Abstract: Throughout history, the ideas put forth by thinkers have been evaluated and interpreted by their contemporaries and subsequent generations. Particularly, expressions containing profound meanings and difficult to comprehend have faced various criticisms. This article focuses on Sufis who use such expressions within the Islamic intellectual tradition, highlighting their struggle to explain their spiritual experiences and consequently being ostracized, and even accused of apostasy by societies. Additionally, by focusing on the life and thoughts of Hallâj-i Mansûr, it is explained that his execution was not solely based on his expressions, but there were also political factors behind the incident. Furthermore, the article addresses how different approaches evolved in the history of Islamic thought around Hallâj's views and whether he is accepted as a prominent representative of Sufism. While some thinkers criticize Hallâj's behavior, accusing him of straying outside the boundaries of Islam, others consider him as one of the pioneers of Sufism. One of those who expresses an opinion on the matter is Burhânüddîn en-Nesefî. The article aims to evaluate Nesefî's relationship with Sufism, how he defended Hallâj, and interpreted his words, aiming to shed light on future studies related to the subject.

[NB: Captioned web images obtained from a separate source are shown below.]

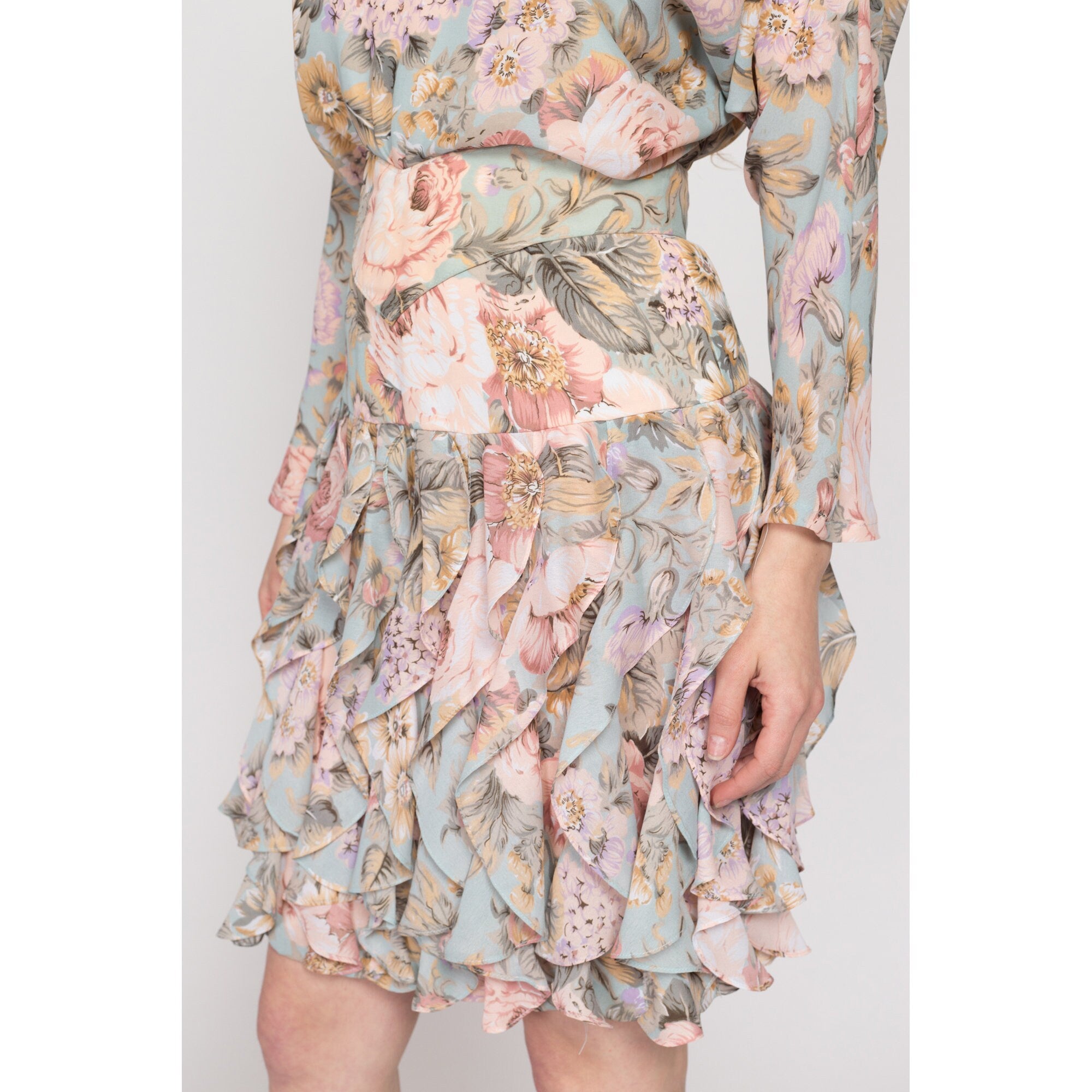 Medium 80s Floral Keyhole Back Ruffle Mini Dress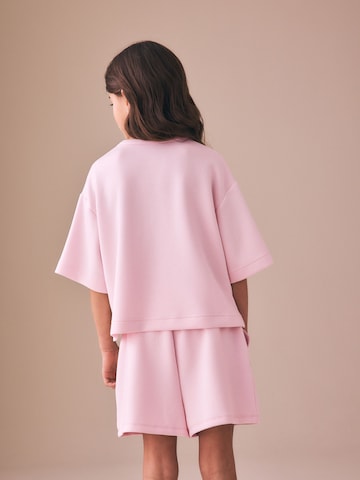 Next Set in Pink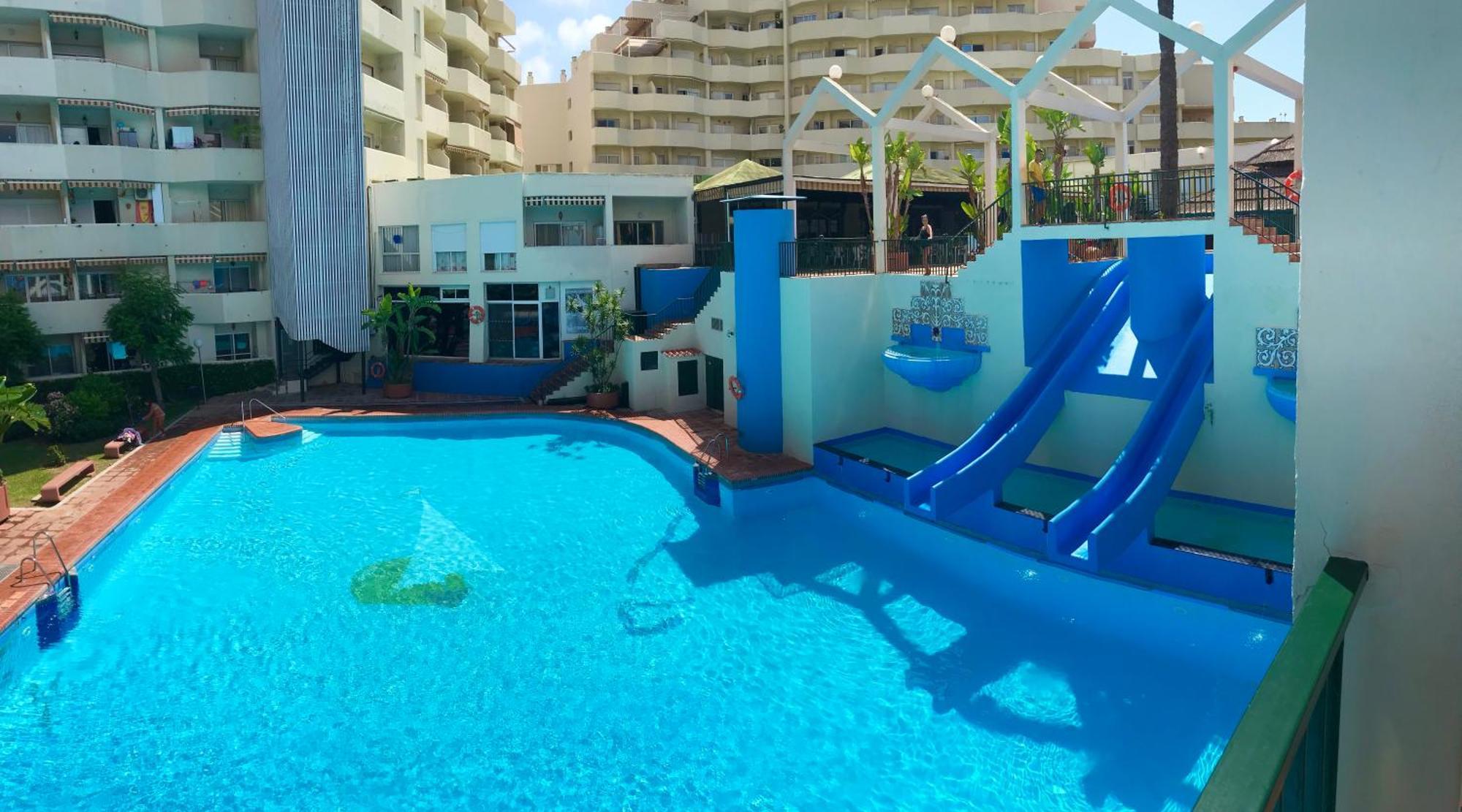 Benal Ii, Estudio Con Parque Acuatico Y Vistas Al Mar. Benalmadena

Öz: Tarih boyunca düşünürlerin ortaya koydukları fikirler muasırları ve sonrakiler tarafından değerlendirilip yorumlanmıştır. Özellikle derin anlamlar içeren ve anlaşılması zor olan ifadeler birtakım eleştirilere maruz kalmıştır. Bu makalede, İslam düşünce geleneğinde bu tür ifadeleri kullanan tasavvufçulara odaklanılmış, onların manevi deneyimlerini açıklamakta zorlandıkları ve bu nedenle toplumları tarafından dışlandıkları, hatta tekfir edildikleri vurgulanmıştır. Ayrıca Hallâc-ı Mansûr’un hayatına ve düşüncelerine odaklanarak, onun idam edilmesinin sadece ifadelerine dayandırılmadığı, olayın perde arkasında politik etkenlerin de bulunduğu açıklanmaktadır. Öte yandan Hallâc’ın görüşleri etrafında İslam düşünce tarihinde farklı yaklaşımların nasıl geliştiği ve tasavvufun önde gelen bir temsilcisi olarak kabul edilip edilmediği hususu da ele alınmaktadır. Nitekim bazı düşünürler Hallâc’ın tutumunu yadırgayıp onu İslam dışına çıkmakla suçlarken, bazıları ise onun tasavvufun öncülerinden biri kabul etmektedir. Konu ile ilgili görüş beyân edenlerden biri de Burhânüddîn en-Nesefî’dir. Makale, Nesefî’nin tasavvuf ile ilişkisini, Hallâc’ı nasıl savunduğunu ve sözlerini nasıl yorumladığını değerlendirip ileride konu ile ilgili yapılacak çalışmalara ışık tutmayı amaçlamaktadır.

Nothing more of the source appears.